Why all three methods are valid but the mix isn't
Each of those baseline approaches has a legitimate use case. Prior cost works well for renegotiations where there's a clear historical spend to measure against. Budget-based baselines make sense for new spend categories where there's no prior cost on record. Competitive bid baselines are the right tool when you're running a new sourcing event and the saving is the gap between what suppliers offered and what you negotiated.
The issue isn't which method a team uses. It's that using different methods across different initiatives, or across different teams, makes the totals incomparable. A $500K saving calculated against prior cost and a $500K saving calculated against a budget line are not the same thing. They might both be real and defensible, but they can't just be added together and handed to a CFO as a single number without explanation.

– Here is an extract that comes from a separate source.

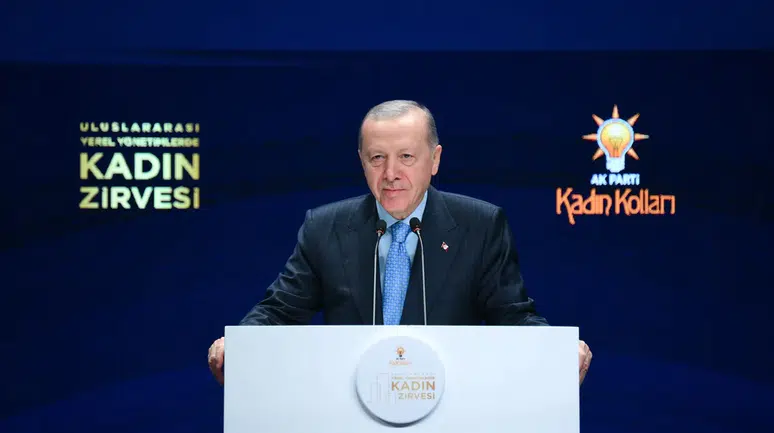 Cumhurbaşkanı Erdoğan: “Kadınlar, milletimizin kadim tarihinde hep müstesna bir konumda oldular”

The rollup problem is a design problem
When Finance pushes back on a savings number, procurement often reads that as skepticism. Usually it isn't. Finance would love to be able to validate the number quickly and move on. The problem is that a mixed-methodology total doesn't give them a path to do that. They'd have to go line by line, understand which method was used for each initiative, and rebuild the calculation themselves. Nobody has time for that.
The result is a discount. Finance applies a conservative haircut to account for the methodology uncertainty, and the number that gets reported up the chain is smaller than what procurement delivered. That gap, between what was actually achieved and what got credited, is one of the most persistent frustrations in procurement leadership.
Consistency is the starting point
Methodology consistency doesn't mean every team has to use the same baseline method for every initiative. It means the method is defined and documented at the start, applied correctly, and visible when someone needs to verify it. When that's in place, a multi-team rollup is credible because Finance can see exactly how each line was calculated.
That's what Clero is built to do. The baseline method is set when an initiative is created, not cleaned up after the quarter closes. The result is a portfolio total that actually means something when you put it in front of leadership.